Appellant insists that he did resort to discovery procedures in his 1975 suit and indeed made "ceaseless efforts to discover the truth." 1980 Complaint, ¶ 34. But he gives no details of those efforts and never explains what discovery requests he made in the 1975 lawsuit, nor why those requests failed to unearth TWA's August 1972 letter charging him with selling franchises. Hence he has not adequately alleged that he acted with reasonable diligence in trying to discover the allegedly concealed information.

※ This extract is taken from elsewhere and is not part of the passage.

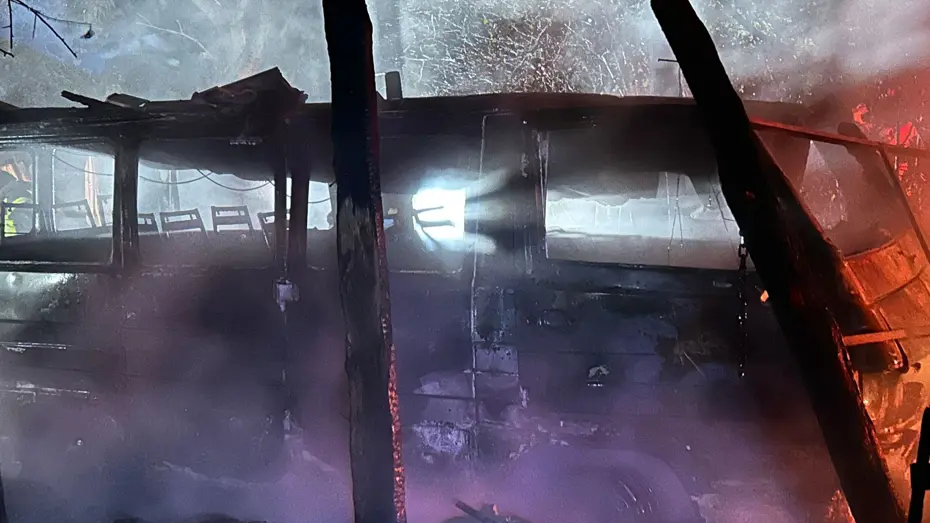 Bartın'da yıldırım 2 aracı kül etti 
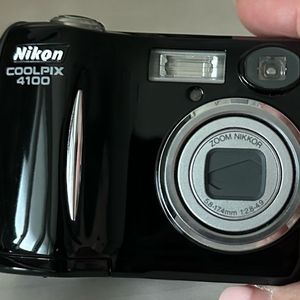 니콘 쿨픽스 4100 디카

Moreover, the cases in which the fraud exception to res judicata was applied differ crucially from the instant case in that they involve situations where defendant's misconduct prevented plaintiff from knowing, at the time of the first suit, either that he had a certain claim or else the extent of his injury. See, e.g., Christian v. American Home Assurance Co., 577 P.2d 899 (Okl. 1978) (plaintiff discovered cause of action for bad-faith refusal to satisfy his claim only when breach-of-contract case went to jury); United States Rubber Co. v. Lucky Nine, Inc., 159 So.2d 874 (Fla.App. 1964) (defendant's deceitful testimony at the first trial concealed from plaintiff the true amount it was owed); Hyyti v. Smith, 67 N.D. 425, 272 N.W. 747 (1937) (deception by an attorney connected with defendant's law firm kept plaintiff from learning that she could seek compensation for loss of support as well as out-of-pocket expenses in her wrongful death action). Here, however, appellant knew when he brought his original suit that he had a claim against TWA for attempting to block his license agreement with Montgomery Ward by having ATC and IATA disapprove it. That was the gist of Count Two of the 1975 complaint. And he knew what injury TWA had allegedly inflicted on him: loss of the opportunity to open branch offices in the Ward stores. Thus even if defendant's May 1973 letter can be termed "fraudulent," it did not prevent appellant from realizing what cause of action he had against TWA nor what his damages were.
Thus, the district court properly concluded that the instant lawsuit is barred by res judicata. Appellant has not shown the existence of any "fraudulent concealment", even if such a showing would permit him to avoid the bar of res judicata.